Physical characteristics
- Source: Baboosic Lake
- • location: Amherst, Hillsborough County, New Hampshire
- • coordinates: 42°53′34″N 71°34′51″W﻿ / ﻿42.89278°N 71.58083°W
- • elevation: 232 ft (71 m)
- Mouth: Souhegan River
- • location: Merrimack, Hillsborough County, New Hampshire
- • coordinates: 42°51′46″N 71°29′27″W﻿ / ﻿42.86278°N 71.49083°W
- • elevation: 95 ft (29 m)
- Length: 12.7 mi (20.4 km)

Basin features
- • left: Joe English Brook, Pulpit Brook, McQuade Brook, Riddle Brook

= Baboosic Brook =

Baboosic Brook is a 12.7 mi stream located in southern New Hampshire in the United States. It is a tributary of the Souhegan River, which flows to the Merrimack River and ultimately to the Gulf of Maine.

Baboosic Brook begins at the outlet of Baboosic Lake in the town of Amherst, New Hampshire. The brook takes a winding course (east- and southward flow predominating) through the towns of Amherst, Bedford, and Merrimack before ending at the Souhegan River near its outlet to the Merrimack River.

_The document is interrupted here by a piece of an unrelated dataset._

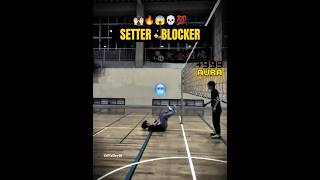 Setter ❎ Blocker ✅🔥 [Subscribe] #haikyuu #edit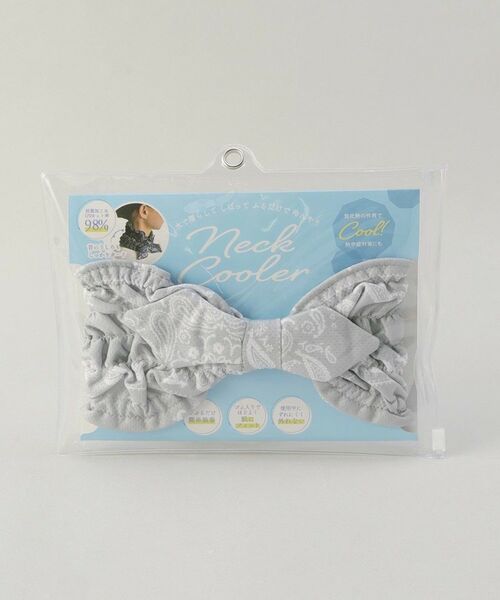 212 KITCHEN STORE / トゥーワントゥーキッチン ストア その他小物 | PAISLEY ネッククーラー GY | 詳細5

Tributaries include Joe English Brook, Pulpit Brook, McQuade Brook, and Riddle Brook, all entering from the north.

== Wildlife ==
Baboosic Brook is home to a variety of wildlife, including the North American beaver, brook trout, and the common snapping turtle. The majority of the brook's fish population are pumpkinseed and chain pickerel.